Oxazoline-modified polypropylene that meets the following requirements (1), (1-a), and (2):
(1) Oxazoline-modified polypropylene has an oxazoline group.
(1-a) The content of the oxazoline group in 1 g of oxazoline-modified polypropylene is 0.1 × 10 − ² to 100 × 10 − ² mmol / g, and (2) the melt mass flow rate of (2) oxazoline-modified polyprilopylene is 0. 0.01-300 g / 10 minutes. Oxazoline-modified polypropylene produced by a method comprising the following steps:
-A step of melt-kneading polypropylene, an organic peroxide, and maleic acid or maleic anhydride, and-in a melt-kneaded product of the obtained polypropylene, an organic peroxide, and maleic acid or maleic anhydride. , A step of adding an oxazoline compound and melt-kneading.
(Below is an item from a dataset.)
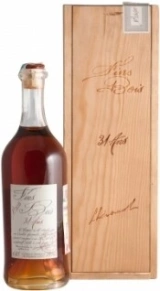 Коньяк Lheraud, Fins Bois, 31 год, 0.7 л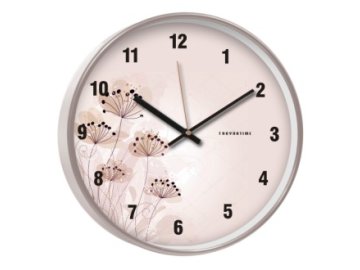Часы настенные Розовые цветы, арт. 77773760 в Минске Ома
A method for producing oxazoline-modified polypropylene, which comprises the following steps:
-A step of melt-kneading polypropylene, an organic peroxide, and maleic acid or maleic anhydride.
-A step of adding an oxazoline compound to a melt-kneaded product of the obtained polypropylene, an organic peroxide, and maleic acid or maleic anhydride, and melt-kneading the mixture. Polypropylene composition containing the following (component 1):
(Component 1) Oxazoline-modified polypropylene that satisfies the following requirements (1), (1-a), and (2):
(1) Oxazoline-modified polypropylene has an oxazoline group.
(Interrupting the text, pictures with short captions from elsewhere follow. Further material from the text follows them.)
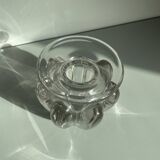 Petit Vase style Baccarat en cristal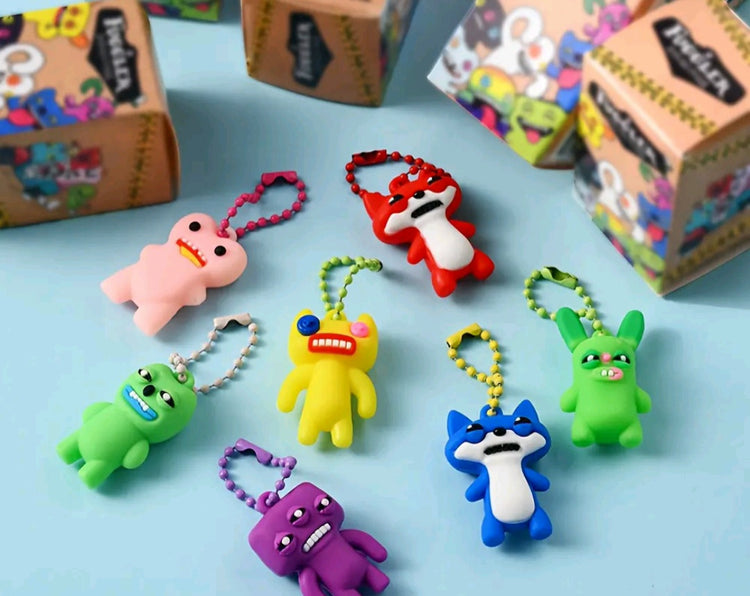 Mini Fuggs Keychain Blind Box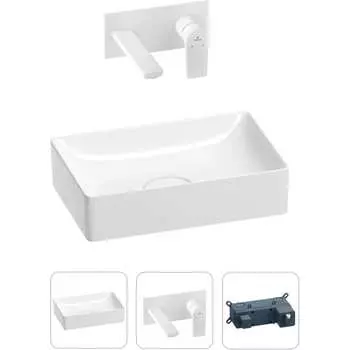 Раковина для ванной Wellsee Pure BY 201000710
(1-a) The content of the oxazoline group in 1 g of oxazoline-modified polypropylene is 0.1 × 10 − ² to 100 × 10 − ² mmol / g, and (2) the melt mass flow rate of (2) oxazoline-modified polyprilopylene is 0. 0.01-300 g / 10 minutes. Polypropylene composition containing the following (component 1):
(Component 1) Oxazoline-modified polypropylene produced by a method comprising the following steps:
-A step of melt-kneading polypropylene, an organic peroxide, and maleic acid or maleic anhydride, and-in a melt-kneaded product of the obtained polypropylene, an organic peroxide, and maleic acid or maleic anhydride. The process of adding an oxazoline compound and melt-kneading. (Component 1): The polypropylene composition according to claim 4 or 5, which contains 1 to 20% by mass and contains the following (component 2) and (component 3):
(Component 2) Polypropylene: Content 30 to 98% by mass, and (Component 3) At least one filler selected from the group consisting of carbon fiber, glass fiber and talc: Content 1 to 50% by mass. (Component 3) The polypropylene composition according to any one of claims 4 to 6, which contains carbon fiber as a filler.